Offsetting Environmental Footprint

The goal of achieving zero environmental footprint purely by minimizing environmental footprint is not realistic as it will force companies to curtain crucial economic activity. By combining minimization efforts with offsetting practices companies can achieve the ideal of zero environmental footprint. Offsetting works especially well for environmental footprint components that are global in nature. Carbon and land footprint effects are usually global in nature and are good candidates for offsetting. Carbon offsetting is a moderately well developed market and many intermediaries exist that manage the whole process of developing and ensuring the veracity and results of the offset project. Carbon offset projects support improvements or innovative processes geared towards reducing CO2 or related Green House Gas emissions  that would otherwise have not happened had the funds not been provided by the project. Examples of these projects include methane collection at landfills, solar energy, energy conservation in developing countries and forestation. A similar model is applied for offsetting land usage. For example, a company that uses 1000 acres of land for commercial purposes worldwide can completely offset its land usage by conserving and protecting 1000 acres of biologically diverse land in an environmentally sensitive tropical region. 

6.     Environmental Footprint of Products and Services

Even though the environmental footprint of products and services that the companies design and sell are not directly part of the footprint reduction strategies companies should pay equal attention to reducing environmental footprint of products and services they sell to customers. A commonly used approach to measure the environmental footprint of products and services is Lifecycle Assessment.  Lifecycle Assessment (LCA) takes a full product lifecycle (cradle-to-grave or in some cases cradle-to-cradle) viewpoint when measuring the environmental footprint and performance of the product or a service. LCA can be used during the product development phase to guide design options, materials, manufacturing and assembly process selection so that environmental footprint is minimized over the product lifecycle.  Graphic of Lifecycle Assessment The trend towards evaluation and rating of environmental footprint of products and services has accelerated recently as retailers like Tesco plan to publish carbon footprints of products. As environmental consciousness becomes a mainstream trend consumers and customers will prefer and purchase products and services that are proven to have lower environmental footprint. It looks more likely than ever that environmental footprint of products and services will be just as important as price and quality as a differentiating factor. 

7.     Summary

Environmental responsibility is at the forefront of every corporate agenda.
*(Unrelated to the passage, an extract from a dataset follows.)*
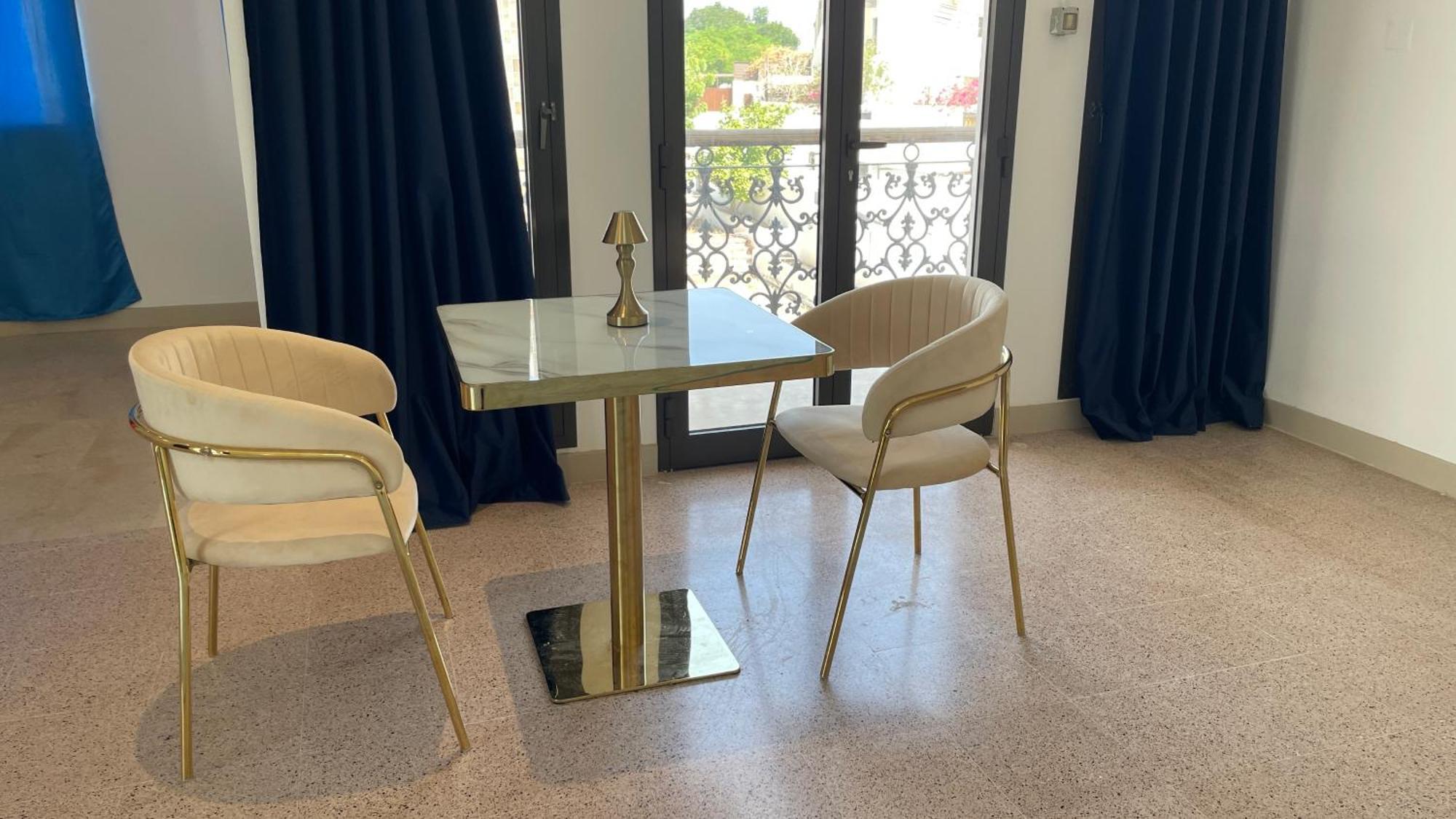 Arabian Nights Nook Hotel Muskat Bagian luar foto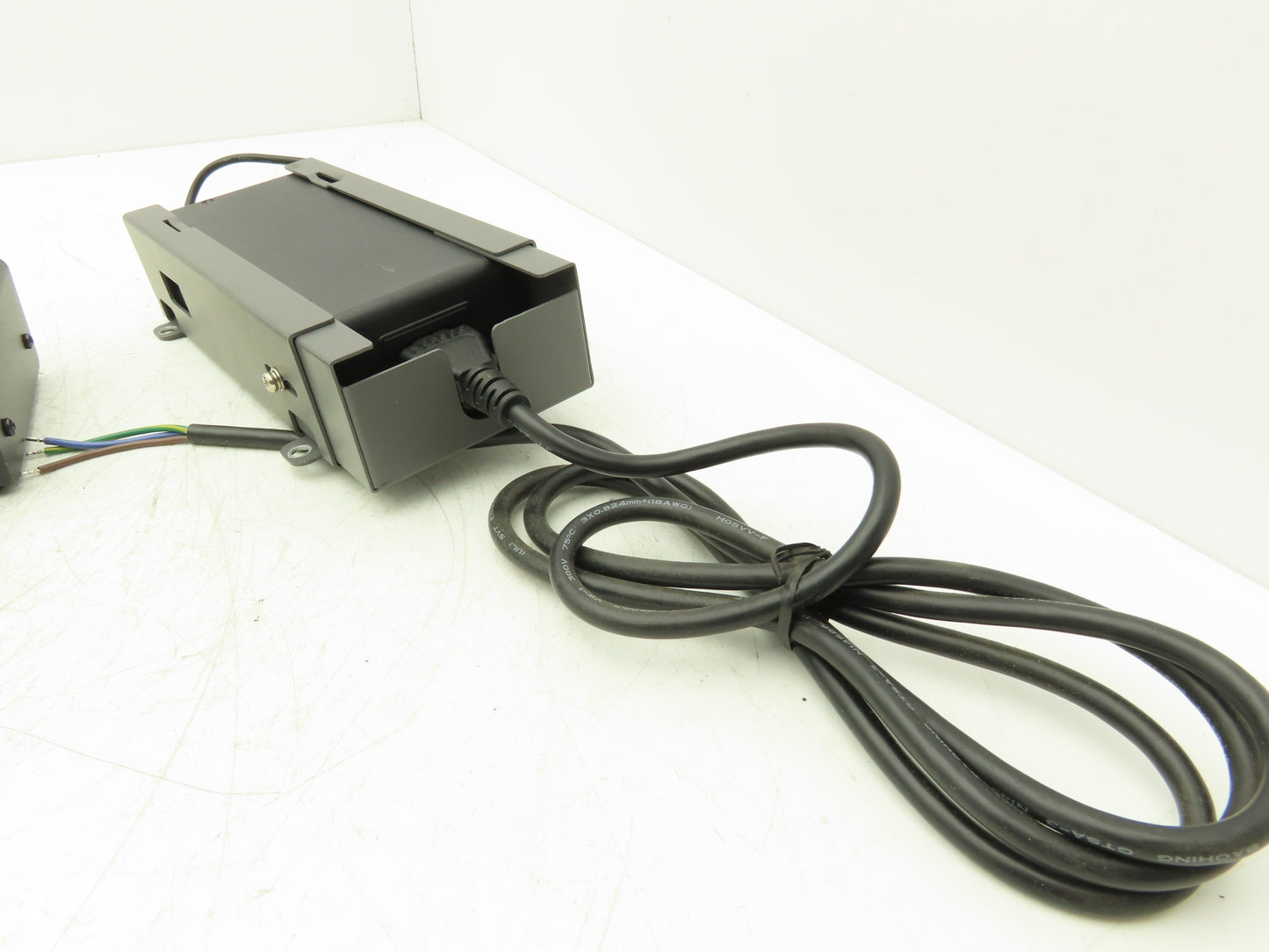 Black Box ACU1028A CAT5 KVM Extender ServSwitch Local Box Only And Cords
Yet many companies find it difficult to formulate and implement a practical and results-oriented approach to environmental responsibility. Zero environmental footprint is an ideal guidepost that companies can strive towards to practice environmental responsibility. And even if the destination is difficult and often impossible to reach the journey itself could be worth the effort in terms of cost savings, brand and market share improvement and finally for being a responsible corporate citizen.